Sociologi e psicologi ne fanno materia di studio, il virtuale acquista la dignità del reale, e i pericoli crescono

Di Anna Cosseddu

Le comunità virtuali sono un fenomeno ormai largamente diffuso anche in Italia. Tutti i portali Internet hanno la loro community, e anche siti prettamente “specializzati”, come ad esempio Studenti.it e Html.it, hanno man mano allargato lo spazio dedicato alla comunicazione tra utenti.
Perché?

Semplicemente perché le comunità virtuali portando alla fidelizzazione dell’utente si rivelano risorse importanti per ogni web-master: il visitatore occasionale infatti, creando legami di conoscenza, amicizia, scambio di opinioni con gli altri utenti, sarà invogliato a tornare nello stesso sito tutti i giorni, anche più volte al giorno, incrementando così gli introiti pubblicitari.
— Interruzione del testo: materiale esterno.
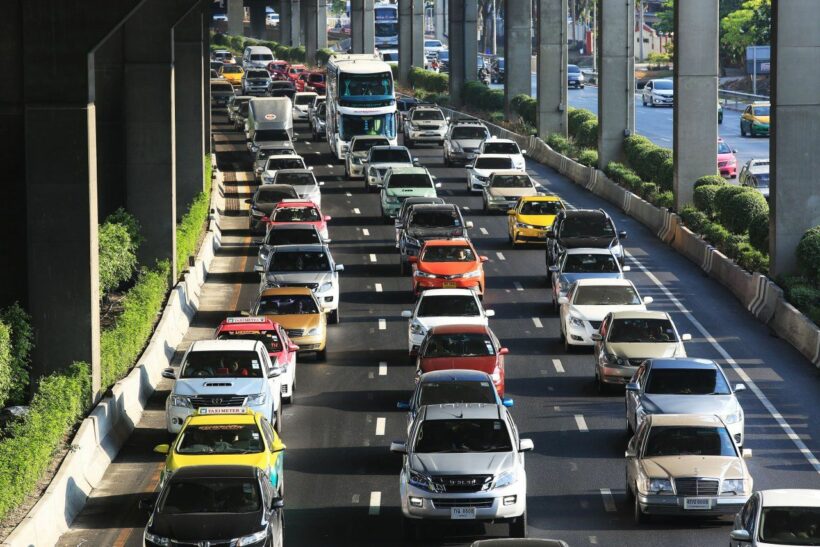 And they’re off! Hundreds of thousands leave Bangkok for New Year break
Ma è solo una mera questione di soldi? Dal punto di vista dei visitatori queste comunity non rappresentano per caso qualcosa di più? Le comunità danno la sensazione all’attore/utente che esista un luogo specifico, del quale si sente parte integrante e al quale si affeziona. Nascono legami di collaborazione e amicizia, anche profonda. Si superano le distanze, si superano i limiti creati nella vita reale dal sesso, dallo status sociale, dal proprio aspetto fisico, e ci si può confrontare anche senza incontrarsi mai.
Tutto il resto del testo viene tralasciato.